Um suspiro frio escapou-lhe pelas narinas, e Lu Siyan ergueu a mão para lhe prender o queixo.

“Entraste e fizeste logo uma reverência. Depois começaste a mexer no robe e, em seguida, tentaste aproximar-te de forma calculada?”

Aquela voz, misturada com desprezo, chegou-lhe aos ouvidos, enquanto o rosto bonito de Lu Siyan se aproximava cada vez mais do dela.

Quando estava a apenas cinco centímetros do rosto dele, Tang Li fechou os olhos, nervosa.

“Agora é... fazer-se de difícil para seduzir?” soltou-se uma risada de escárnio junto ao seu ouvido. “Parece-me que a senhorita Tang tem muita experiência.”

Com o queixo preso, o rosto de Tang Li torceu-se numa careta amarga.
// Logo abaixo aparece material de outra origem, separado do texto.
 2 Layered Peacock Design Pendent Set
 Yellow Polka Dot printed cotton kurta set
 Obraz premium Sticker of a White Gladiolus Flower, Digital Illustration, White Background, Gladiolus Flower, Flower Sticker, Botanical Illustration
Não tinha ouvido, de forma nenhuma, aquela série de ironias geladas; tudo o que sentia era que o maxilar ia sair do sítio.

Tentou libertar-se, mas percebeu que era inútil: não conseguia mexer-se nem um pouco.
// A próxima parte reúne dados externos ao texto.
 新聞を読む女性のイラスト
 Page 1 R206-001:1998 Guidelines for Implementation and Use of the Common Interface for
Nem sabia de onde um doente tirava tanta força!

Devia estar a ter um retorno da lucidez final!

“Senhor Lu, o que disse está tudo certo. Pode soltar-me primeiro...”

Segurando a mão de Lu Siyan, Tang Li tentou negociar com toda a educação.

“Realmente, sem qualquer limite!” Ao ouvi-la admitir, Lu Siyan largou o queixo dela com evidente repugnância.

Esfregando o rosto já algo dormente, Tang Li nem percebeu bem o que ele dissera e assentiu de forma automática: “Sim, certo.”

O rosto de Lu Siyan escureceu. Tirou um lenço de papel húmido do armário lateral e limpou com cuidado a mão que acabara de tocar em Tang Li.

Com um forte estrondo da porta a fechar-se, uma voz cortante caiu sobre os tímpanos de Tang Li.

“A tua área de circulação fica limitada à sala. Não sujes os meus outros quartos!”

Quando Tang Li reagiu, já não havia sombra de Lu Siyan na sala.

Olhou para a porta preta de madeira do quarto, fechada, e franziu o cenho.

Ele tinha algum problema?

Ficou paralisada por dois segundos.

Ah, ele tinha mesmo um problema.

Pensando nisso, o seu estado de espírito acalmou-se de repente.

Que fizesse o que quisesse; de qualquer forma, não ia viver muito.

Depois de tanto tumulto, só então Tang Li teve tempo de olhar melhor para a casa de Lu Siyan.

O espaço tinha uma paleta geral de preto, branco e cinzento, transmitindo uma frieza acentuada.

A planta era composta por sala, sala de jantar e dois quartos, parecendo ter pouco mais de cem metros quadrados.

Antes, a amiga Nan Jin dissera que ele era rico; ao que parecia, era apenas orgulho masculino, a exagerar por falar.

Então os trezentos mil que ele lhe emprestara não seriam dinheiro de despesas médicas desviado?

Essa ideia fez surgir em Tang Li uma ponta de culpa.

Ele tinha sido tão generoso; então ela teria de o conduzir, com todo o cuidado, ao fim da vida!

Olhou para o sofá de pele preto da sala e atirou-se para cima dele.

Tirou da bolsa um caderno e uma caneta e desenhou cem quadrados, alinhadinhos e bem direitos.

Se considerasse que Lu Siyan ainda viveria cem dias, a contagem decrescente começaria a partir de hoje; um dia, uma cruz.

Durante esses cem dias, ela trabalharia para Lu Siyan, por assim dizer, deixando-o fazer o que bem entendesse.

Passados cem dias, chegaria o seu grande dia de renascimento.